Factors influencing snowshoe hare occupancy and abundance

snowshoe hare tracks
project completed


The decline in snowshoe hare harvest and presumably abundance is likely associated with multiple factors. Because of the ecological and cultural importance of this species, there is a need to better understand how these factors influence the abundance of hare and occupancy of particular habitats.

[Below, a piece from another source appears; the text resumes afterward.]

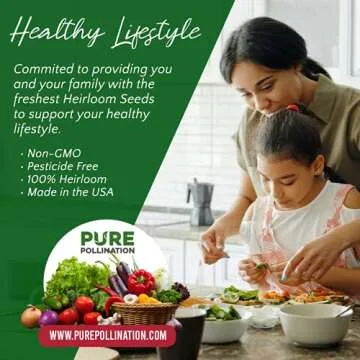 16,500 Non GMO Heirloom Vegetable Seeds Survival Garden 40 Variety Pack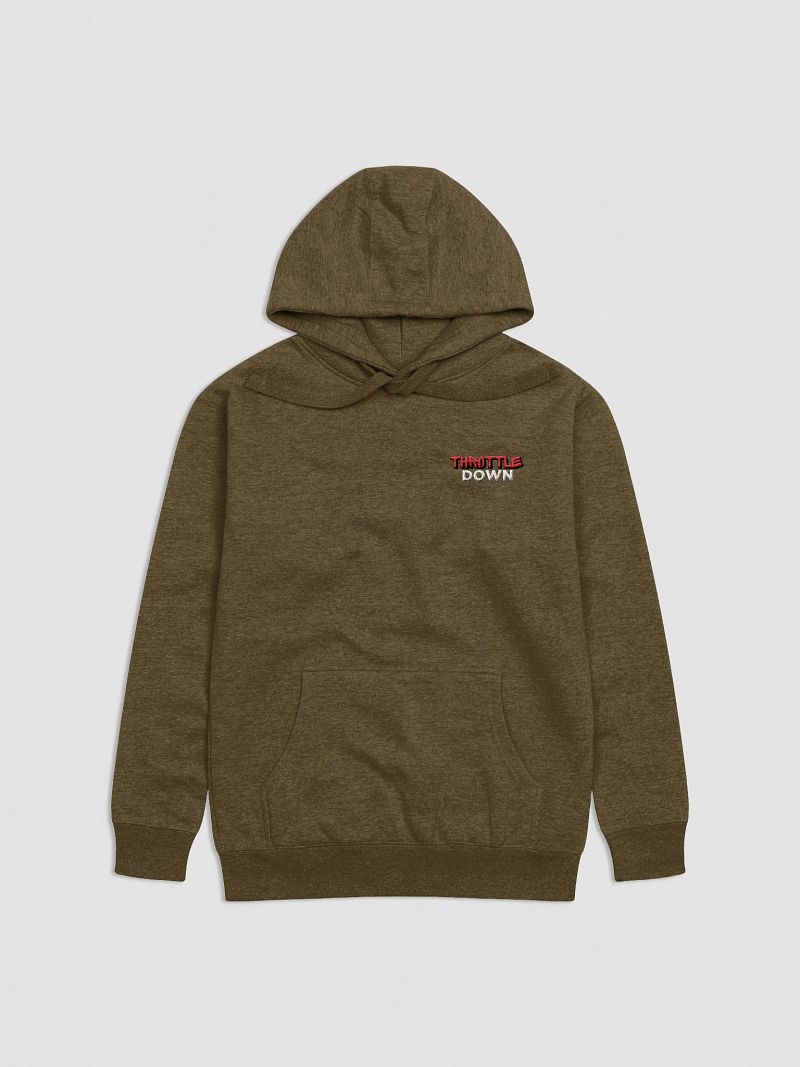 Throttle Down Hoodie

  1. Dr. Dwayne Etter - DNR Principle Investigator
  2. Dr. Gary Roloff - Michigan State University Principle Investigator


  1. Snow track surveys, if correctly configured, can accurately (>95% chance of being correct) estimate site-level (~7ha) hare occupancy.
  2. Of the climate variables we analyzed, maximum temperature from May 15 – January 19 and the number of days with snow on the ground explained the most variation in site-level extinction probability for hares.
  3. Given the forest dominated landscapes that we worked in, historical land use was not an important factor in determining snowshoe hare site occupancy.
  4. Current land use (i.e., the ratio between forest and open edges) and visual obstruction at 2-3m above the ground were important factors influencing site-level occupancy.
  5. When climate, land use, and vegetation structure variables were combined, the top-ranking model included both climate and vegetation variables suggesting that vegetation management may help mitigate negative climate impacts to snowshoe hares.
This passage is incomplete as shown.